There's much I still can't figure out, so I'm hoping I might get a few more answers here:
My copd was diagnosed 5 years ago as 'mild', and I will admit that I was in denial for years .. I had absolutely no symptoms, no cough, no fatigue .. nothing. Walked a lot (fast!), ran up the stairs, never got tired, went to gym .. I actually thought I'd been mis-diagnosed, (and even carried on smoking, fool that I was).
Then, just over a year ago, I caught a cold, along with a bit of bronchitis, and it took quite a while to clear up. So I stopped smoking. It cleared up, everything was fine .. and six months later, I decided (just out of interest) to go for another spirometer review thingy.

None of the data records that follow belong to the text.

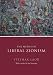 Image of The Myths of Liberal Zionism
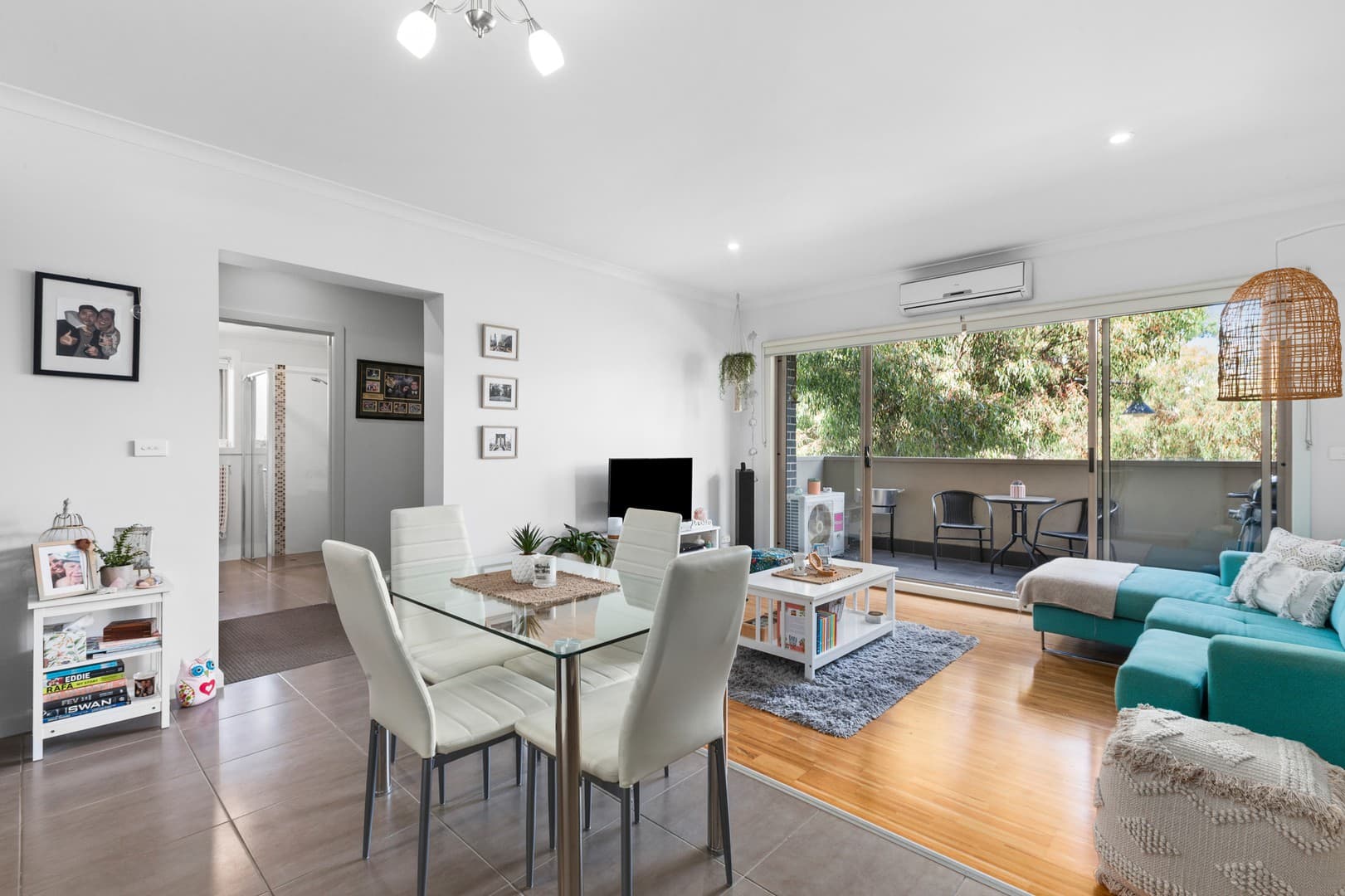103/36 Rowell  Drive, Mernda, VIC 3754, Mernda - Thumbnail 3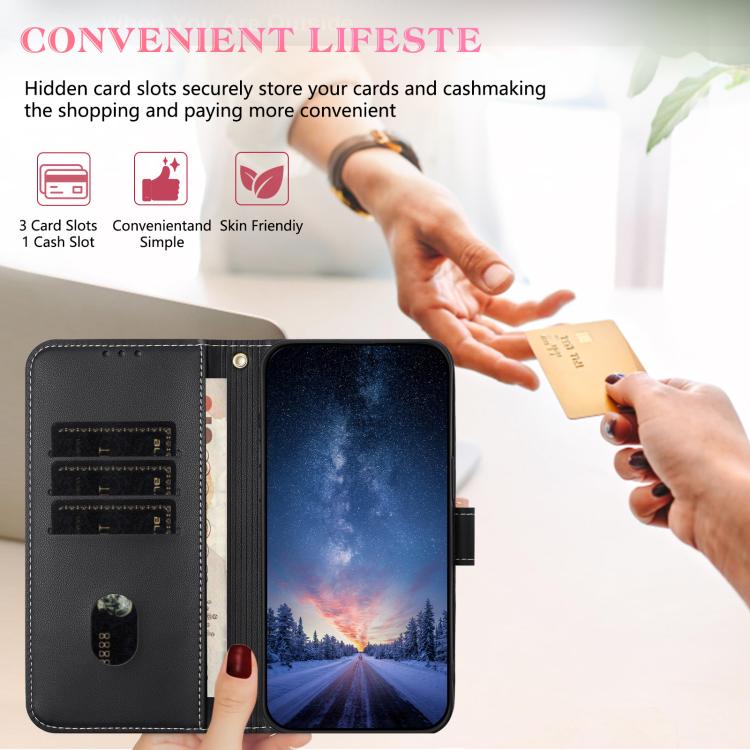 EDA008169821C_5.jpg@49a36c0d97b3faa981e4ed65137dd84e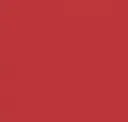 4862 Red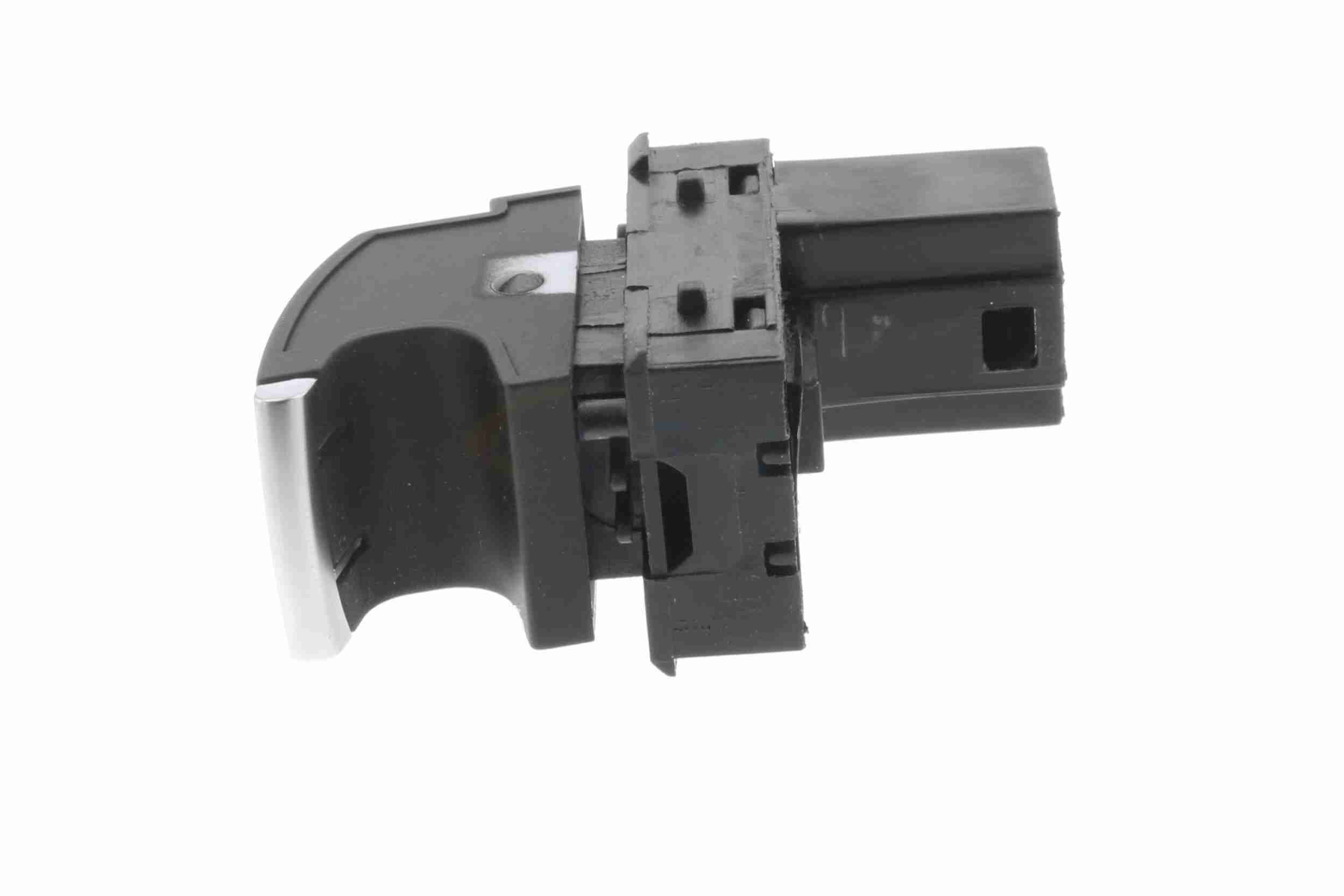 Vemo Schakelaar tankklepafsluiting V10-73-0027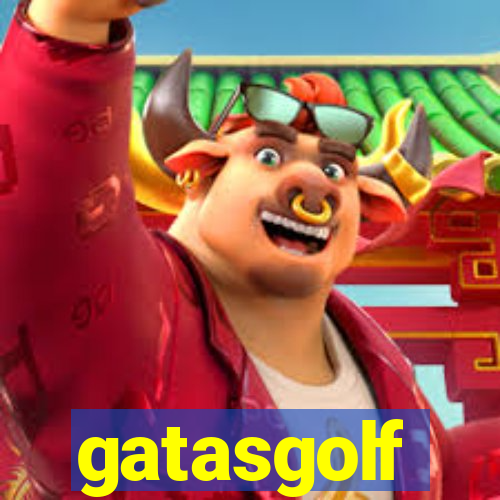 gatasgolf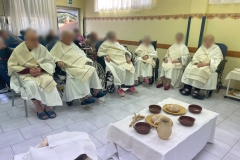 2-lavanda-dei-piedi-SFH-2023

Happily, it was a huge improvement on the previous one, and I was really chuffed! I was told that with regular exercise, a good diet, and the proper medication there was no reason why I shouldn't live a realitively long and healthy life. I thought I'd cracked it!
Then, about a fortnight ago, I wasn't feeling well and developed a dry, hacking, sort of 'choking' cough ..I was in real trouble.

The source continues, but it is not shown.